Puissance médiatique
Médine n’a jamais été aussi présent. Sur les réseaux sociaux, il est hyperactif et cumule des centaines de milliers de followers. Il y dévoile notamment sa vie de famille, toujours de façon humoristique et sans jamais se mettre en scène. Surtout, Médine a mis un point d’orgue à soigner la promotion de son nouveau projet. Il a été interviewé par de nombreux sites spécialisés dans l’actualité rap : Booska‑P, Check (CheckFood), Interlude, Grünt, RAPRNB ou encore Melty. Il est venu sur le plateau de Waxx Gyver et C. Cole pour l’émission Fanzine. France 3 Normandie et France TV Slash l’ont même suivi pendant plusieurs mois pour réaliser le superbe documentaire « Médine Normandie ».
Cette hyper-présence promotionnelle n’est pas un hasard, et suit un objectif précis du rappeur.

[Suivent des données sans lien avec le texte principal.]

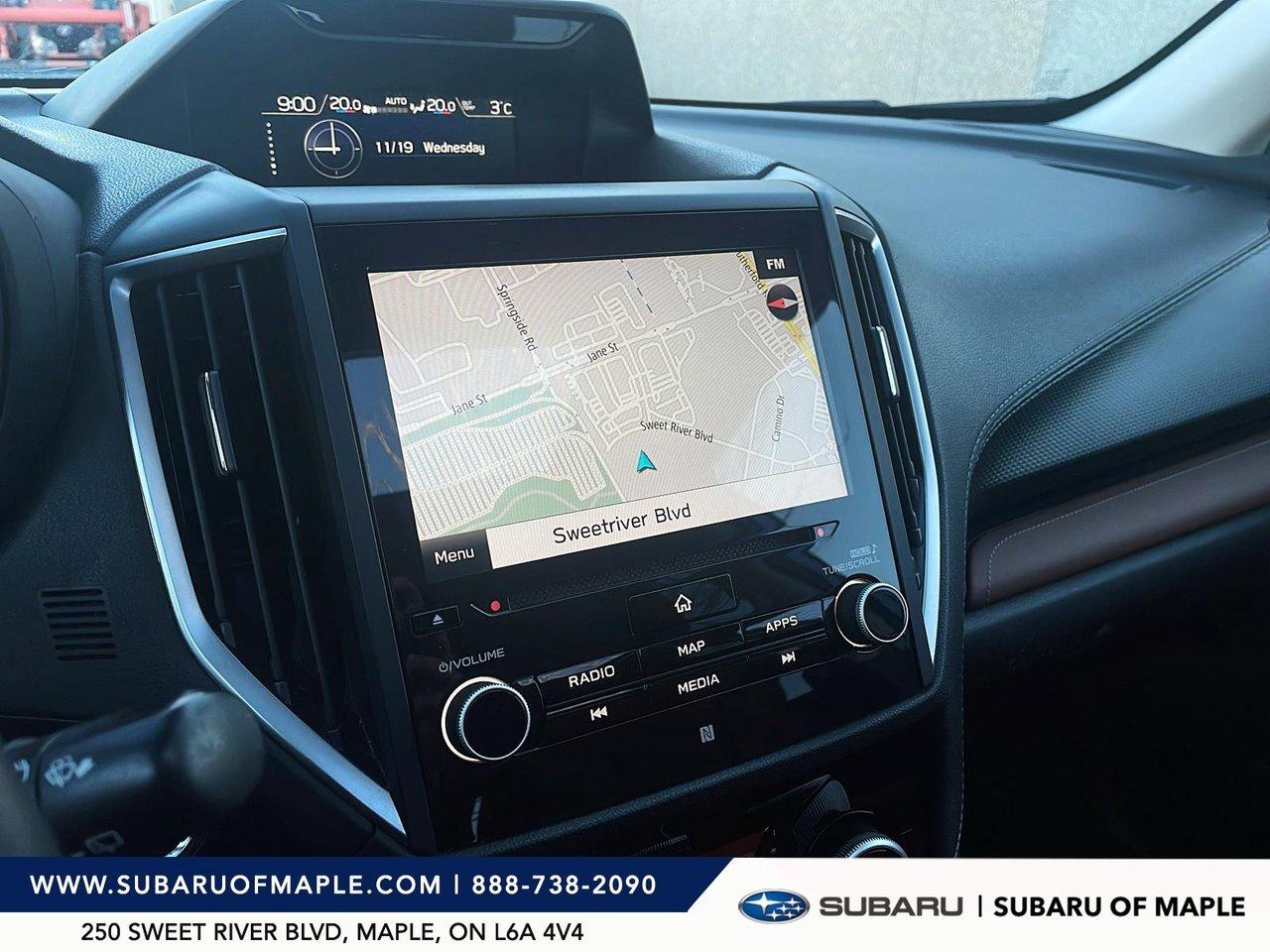 2022 Subaru Forester Premier CVT Photo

Il l’annonçait déjà dans son premier album il y a quinze ans. « Ce serait mentir de ne pas dire qu’on espère le disque d’or », expliquait-il sur « Premier Sang ».
« J’ai toujours eu un succès d’estime avec mes albums. Ce serait bien que j’arrive à transformer mon succès d’estime en succès un peu plus commercial. Atteindre le disque d’or, c’est un espère de Graal », confirme-t-il dans l’introduction du documentaire Médine Normandie.
Et ce n’est donc pas un hasard de retrouver des noms de marque dans la liste des featurings de l’album. Bigflo & Oli, les deux frères stars, font partie des plus gros vendeurs de disques de France. Soso Maness et Hatik ont explosé cette année, l’un avec la sortie de son deuxième album Mistral et sa présence dans le projet marseillais 13 Organisé, l’autre avec ses mixtapes Chaise Pliante et son rôle principal dans la série Validé. Enfin, le dernier invité – hors Grand Paris 2 — est YL, lui aussi marseillais. Son style, sa voix et ses paroles font qu’il collait parfaitement à cette tracklist et à ce projet. C’est la première fois dans la carrière de Médine qu’il collabore avec autant d’artistes sur un même album.
Enfin, la sortie de ce dernier opus est aussi accompagnée d’une multitude de vidéos, dont certaines réalisés en images animées. Chaque titre est clippé, ce qui ajoute une dimension esthétique globale et rend le projet encore plus profond.
Avec 5 852 équivalents ventes en première semaine pour Grand Médine, l’objectif du disque d’or (50 000 équivalents vente) ne semble pas hors d’atteinte, d’autant que l’album semble assez intemporel. La puissance de Médine pourrait lui faire enfin atteindre son « Graal », probablement en 2021.